On appeal, Appellant argues (1) he "did not have the mental competency to waive his constitutional rights during his plea hearing," he "did not intelligently and knowingly waive his constitutional rights during his plea hearing," and the "Trial Court's inquiry to determine intelligent and knowing waiver of constitutional rights [during the plea hearing] was inadequate to determine appellant's waiver of those rights," and (2) he "did not have the mental competency to Adjudicate Guilt." In his prayer, Appellant asks this Court to "remand the cause to the Trial Court for determination of Appellant's competency to waive constitutional rights and adjudicate guilt."

Abatement

On December 10, 2020, this Court issued an order holding the trial court abused its discretion by failing to conduct an informal inquiry into Appellant's mental competency during the hearing on the State's motion to adjudicate guilt. We abated the appeal and remanded the case to the trial court for further proceedings with respect to the issue of Appellant's competency. This Court ordered the trial court to determine whether it was feasible to conduct a retrospective competency inquiry, and, if so, to conduct an informal inquiry into Appellant's competency to stand trial. If the informal inquiry established that there is "some evidence from any source . . . that would support a finding that [Appellant] may be incompetent to stand trial," we ordered the trial court to then conduct a formal competency trial. Turner v. State, 422 S.W.3d 676, 692 (Tex. Crim. App. 2013) (quoting Tex. Code Crim. Proc. art. 46B.004(c)).

The supplemental clerk's record and reporter's record from the remanded competency proceedings, filed in this Court, reflect that after a formal competency trial, the trial court found that Appellant "was competent to stand trial at the November 2017 plea hearing and the May 2018 adjudication hearing." Because the trial court has determined the question of Appellant's competency to stand trial, we lift the abatement and reinstate the appeal on the Court's active docket.

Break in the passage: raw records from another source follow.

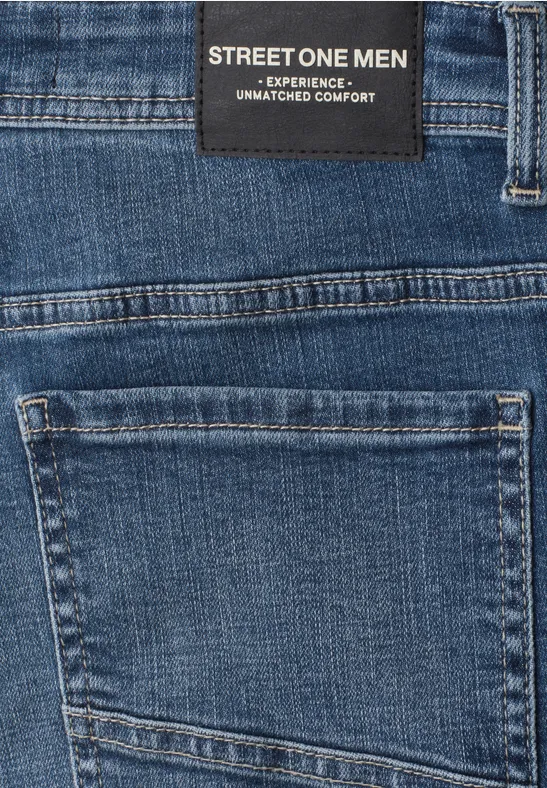 Nahaufnahme einer blauen Jeans mit Label 'STREET ONE MEN' über einer Gesäßtasche.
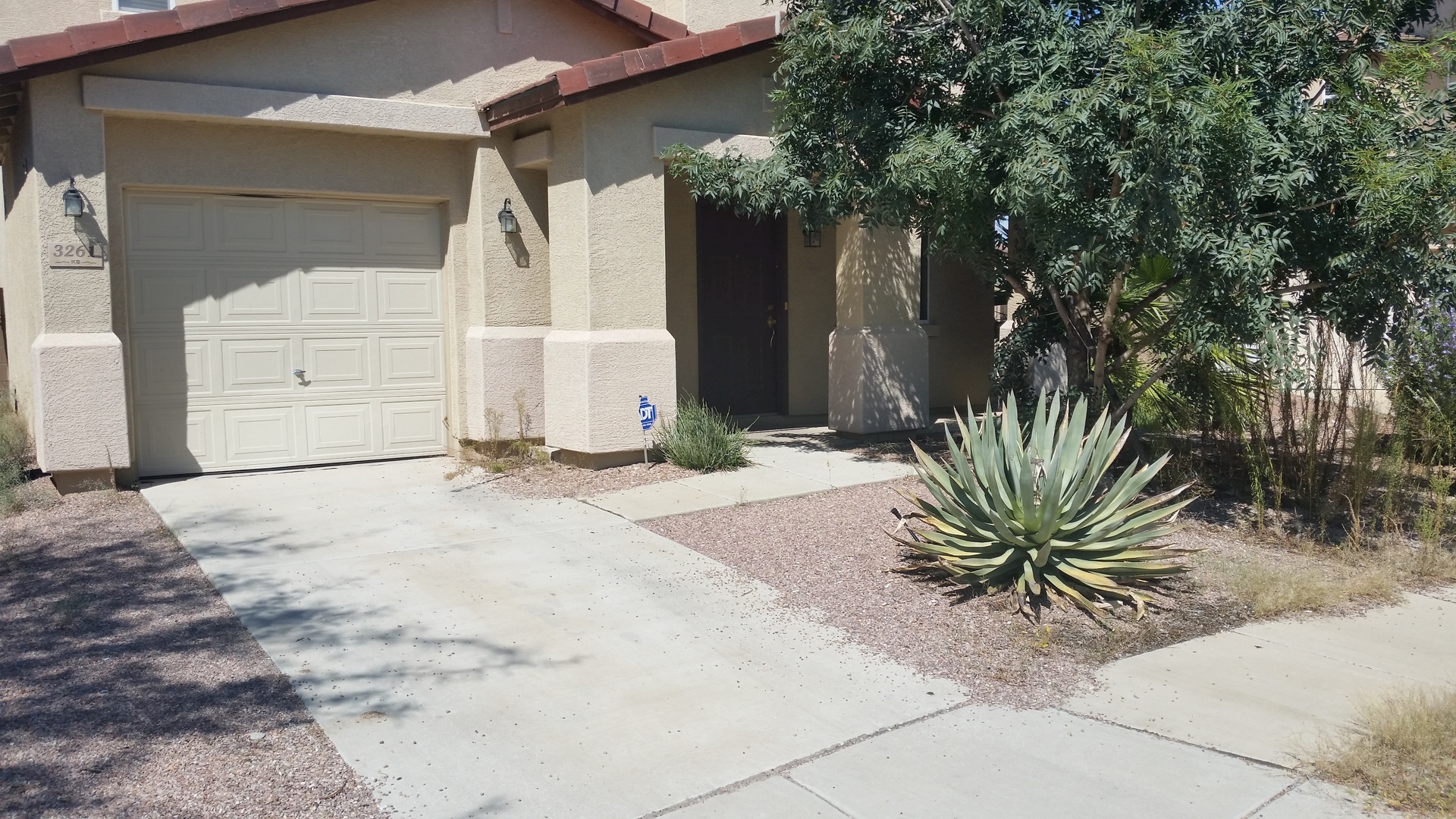 Tucson House: 3261 N Surging Waters Pl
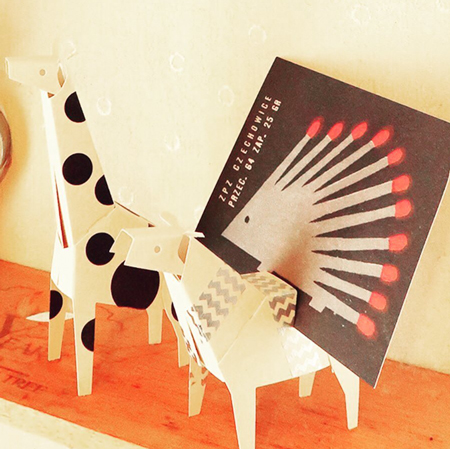 切り込みを入れてポストカード立てにしたペーパークラフト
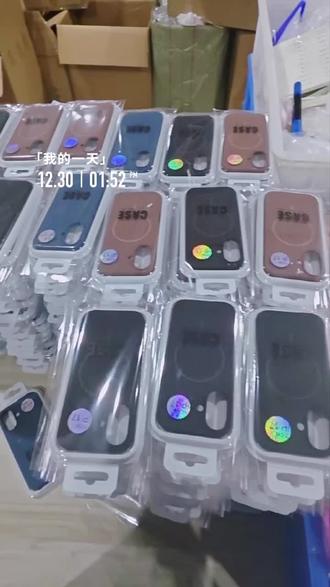 硅胶磁吸手机壳大量生产中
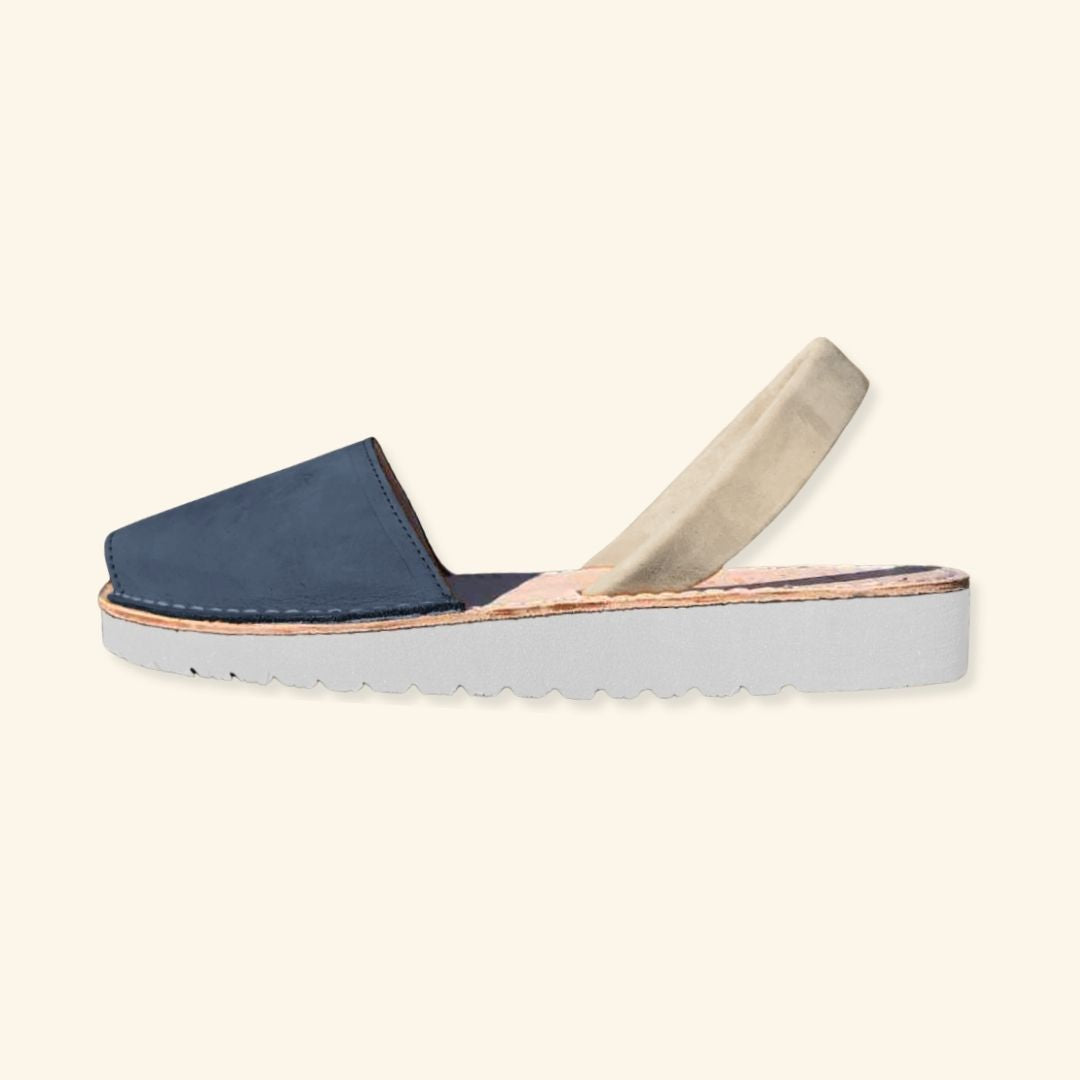 Diseño Monica - Abarca Menorquina - Mujer - Piel Nobuk - Cuña Media Blanco - Color Punta Azul Marino - Tira Crema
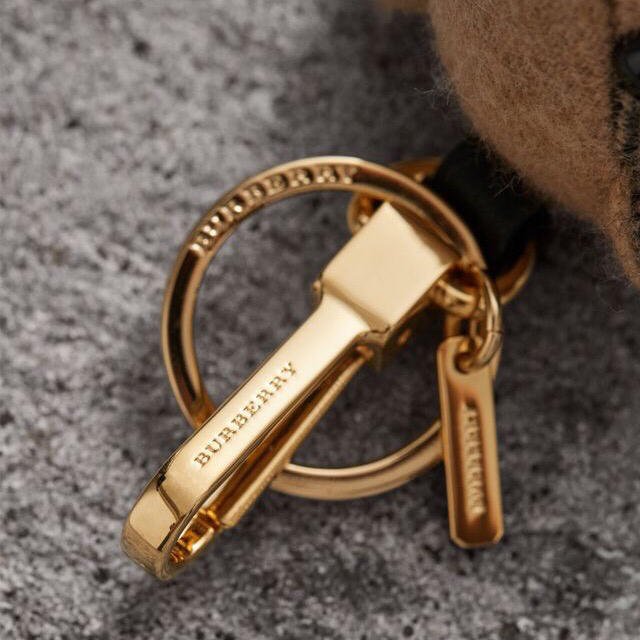 Burberry バーバリー トーマスベア チャーム キーホルダー リュック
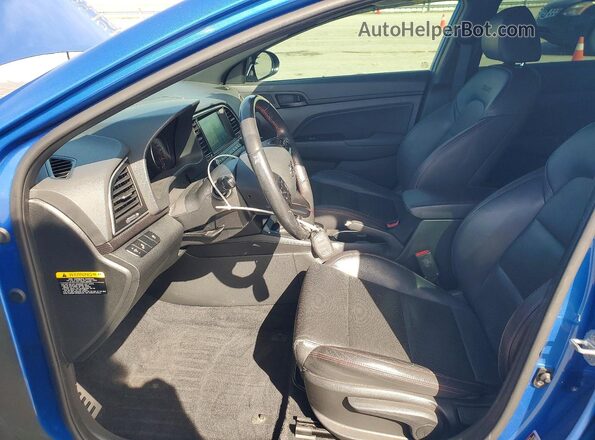 KMHD04LB1HU330719 2017 HYUNDAI ELANTRA Blue Вид салону спереду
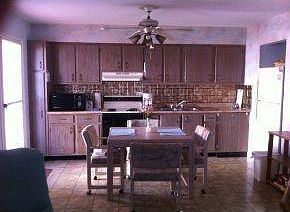 2nd image of 610 Jefferson Ave APT 7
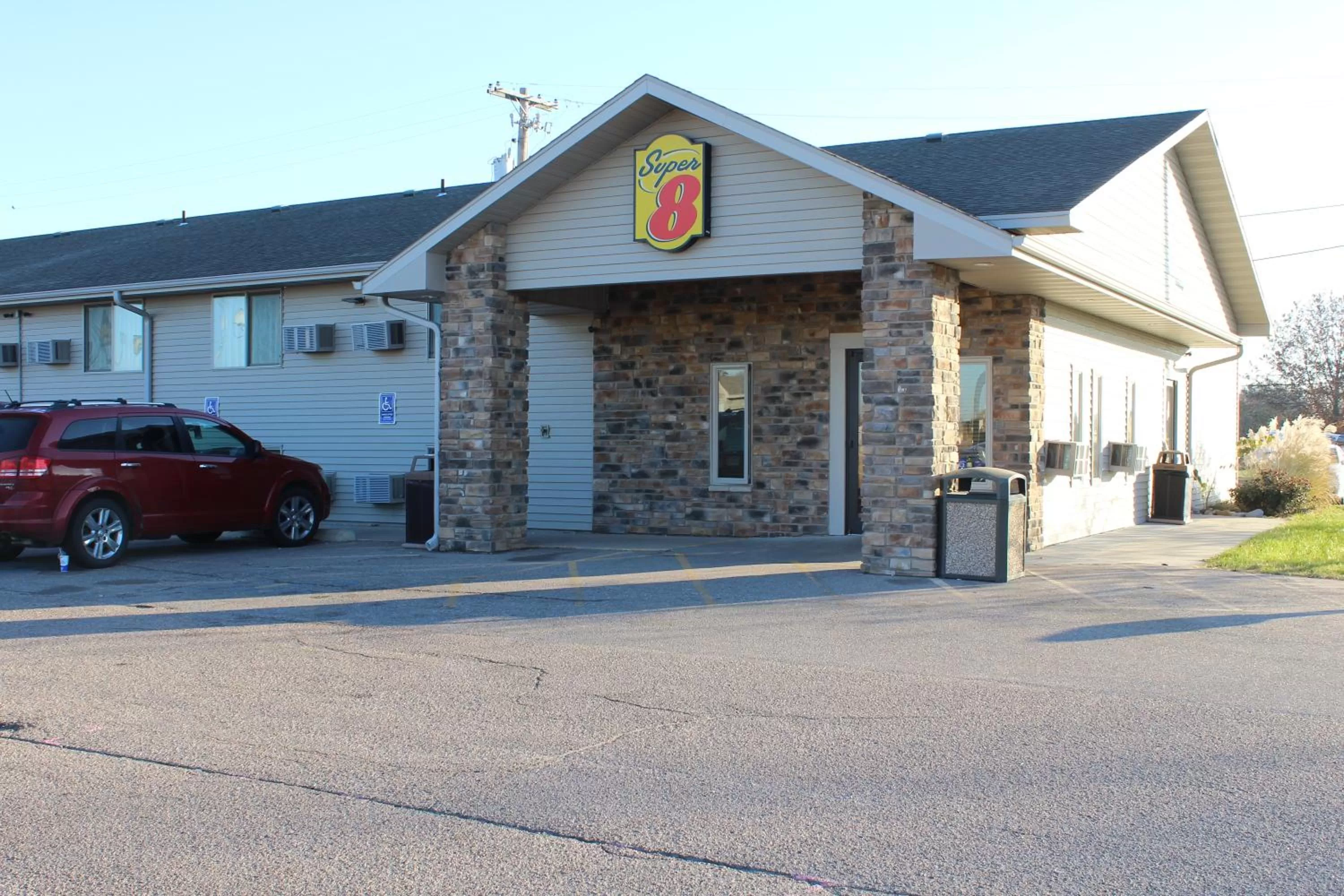 Facade/entrance in Super 8 by Wyndham Kearney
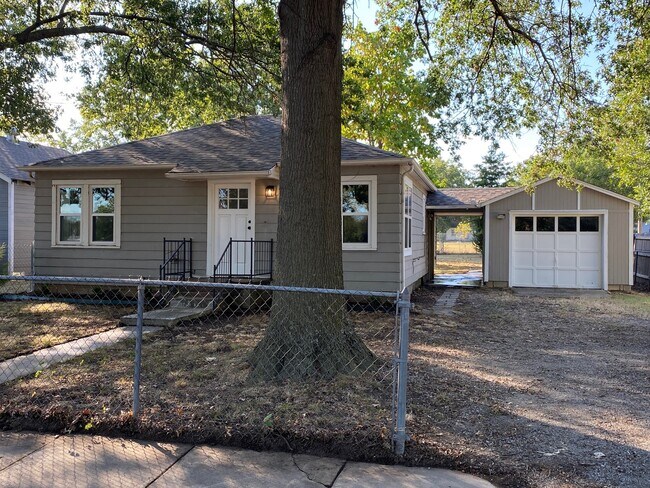 Building Photo - 923 Olive St.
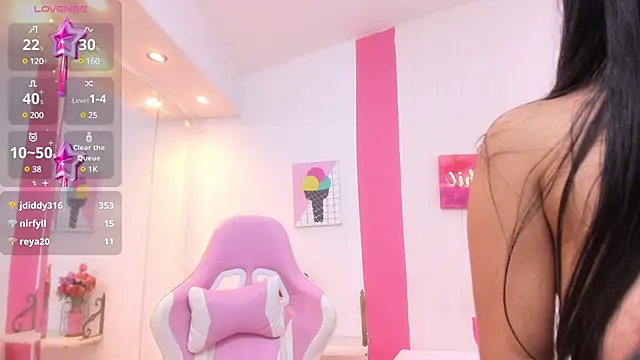 scarlette 15  online show from January 21, 2025, 6:43 am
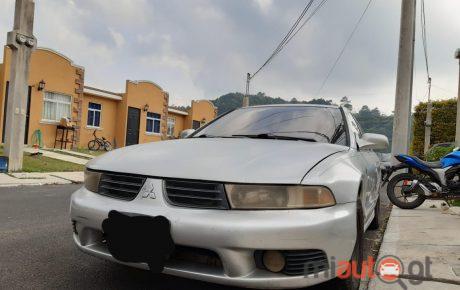 Mitsubishi Galant  '2002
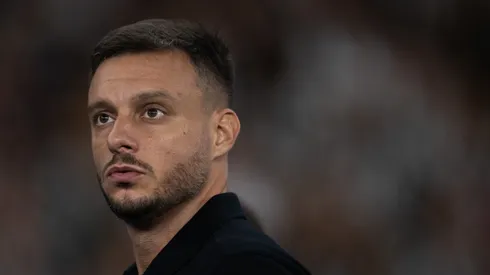 Martín Anselmi técnico do Botafogo durante partida contra o Nacional Potosí no estádio Engenhão pelo campeonato Copa Libertadores 2026. Foto: Jorge Rodrigues/AGIF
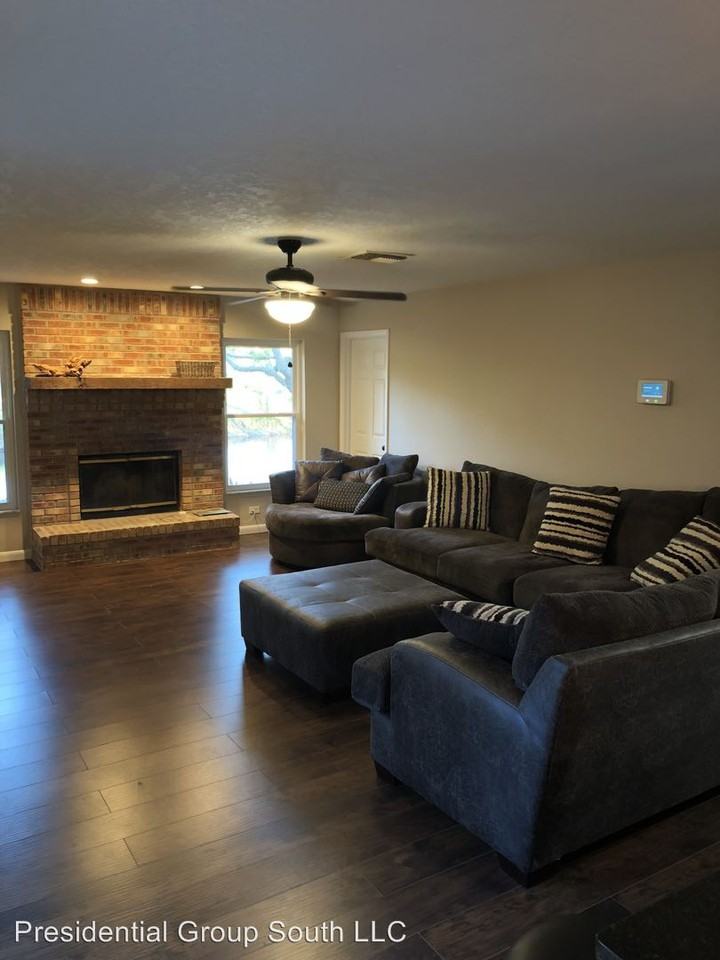 349 Prairie Dune Way - Photo 2 of 15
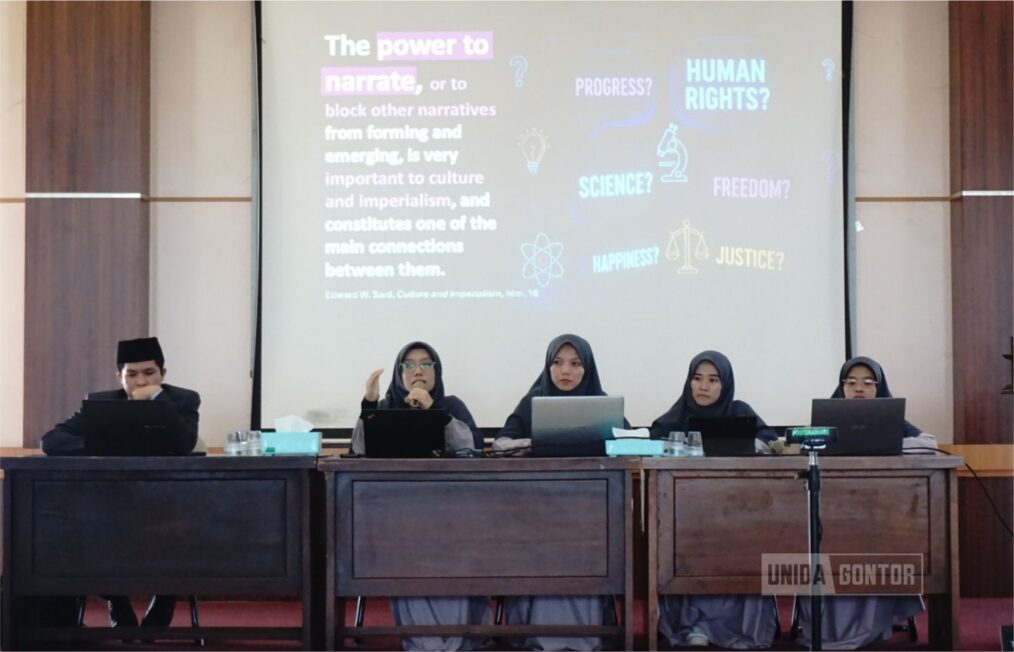 Seminar Pemikiran dan Peradaban Islam PKU UNIDA Gontor Angkatan XIX di Aula Pascasarjana Lantai 3.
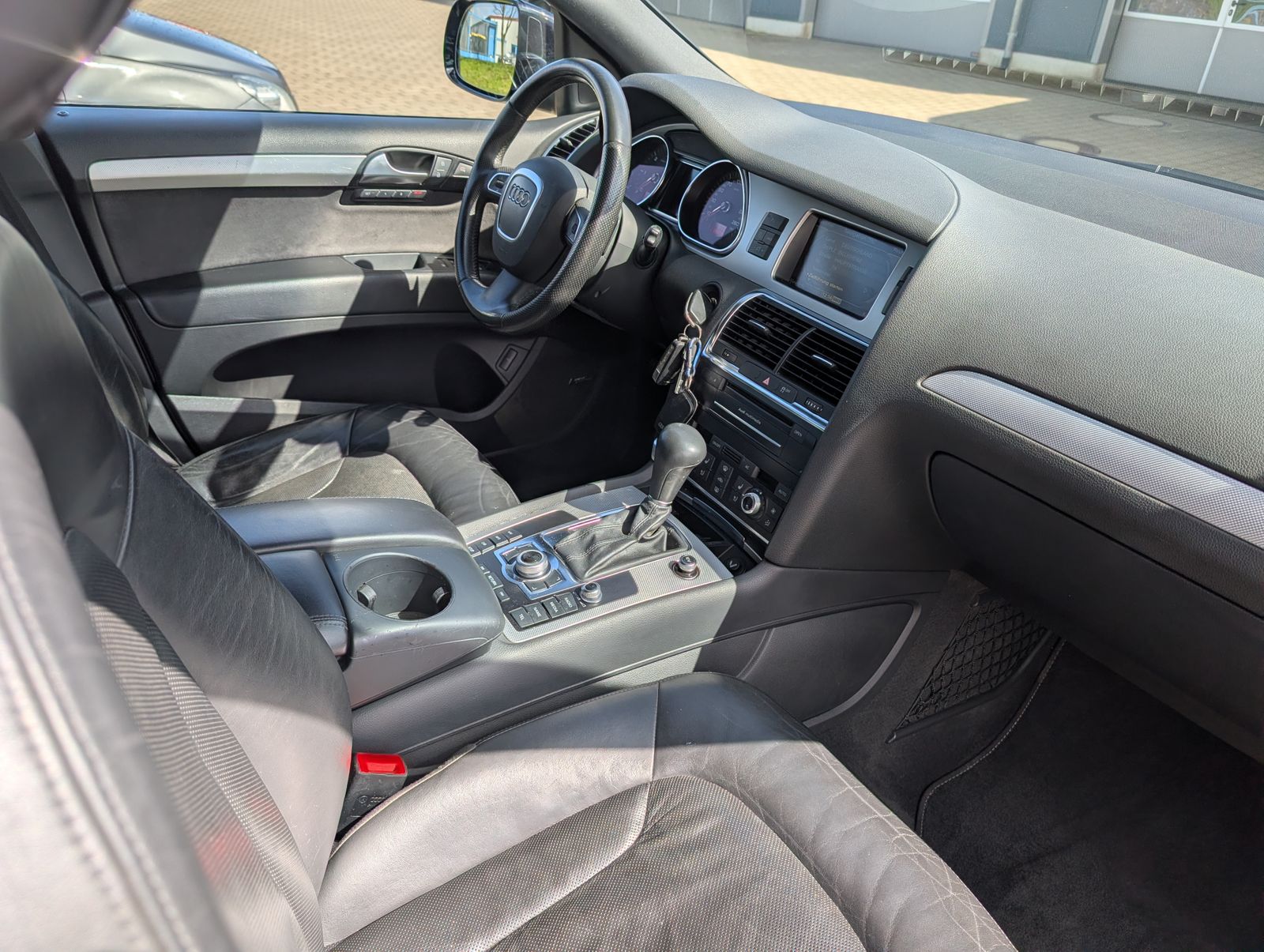 Fahrzeugabbildung Audi Q7 Q7 4.2 TDI DPF quattro AHK STH BOSE XENON NAV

In Godinez v. Moran, 509 U.S. 389 (1993), the United States Supreme Court held that the competency to plead guilty and waive one's constitutional rights is the same as the "competency to stand trial" standard set forth in Dusky v. United States, 362 U.S. 402 (1960). Godinez, 509 U.S. at 389. Under this standard, a person is incompetent to stand trial if the person does not have (1) "sufficient present ability to consult with his lawyer with a reasonable degree of rational understanding" and has (2) "a rational as well as factual understanding of the proceedings against him." Id. at 396 (quoting Dusky, 362 U.S. at 402); see also Tex. Code Crim. Proc. art. 46B.003(a) ("A person is incompetent to stand trial if the person does not have: (1) sufficient present ability to consult with the person's lawyer with a reasonable degree of rational understanding; or (2) a rational as well as factual understanding of the proceedings against the person.").

Jurisdiction

This Court lacks jurisdiction to hear, and must dismiss, prohibited appeals. See Chavez v. State, 183 S.W.3d 675, 680 (Tex. Crim. App. 2006) ("A court of appeals, while having jurisdiction to ascertain whether an appellant who plea-bargained is permitted to appeal by [Texas Rule of Appellate Procedure] 25.2(a)(2), must dismiss a prohibited appeal without further action, regardless of the basis for the appeal."); Daniels v. State, 30 S.W.3d 407, 408 (Tex. Crim. App. 2000) (affirming lower court's holding that it did not have jurisdiction over point of error relating to deferred adjudication proceeding that was raised in direct appeal from judgment adjudicating guilt and affirming lower court's judgment dismissing point of error for lack of jurisdiction); see also McLean v. State, No. 01-22-00239-CR, 2022 WL 3650342, at *4 (Tex. App.-Houston [1st Dist.] Aug. 25, 2022, no pet.) (mem. op., not designated for publication) (holding court did not have jurisdiction over appeal when defendant waived his right to appeal and dismissing for lack of jurisdiction).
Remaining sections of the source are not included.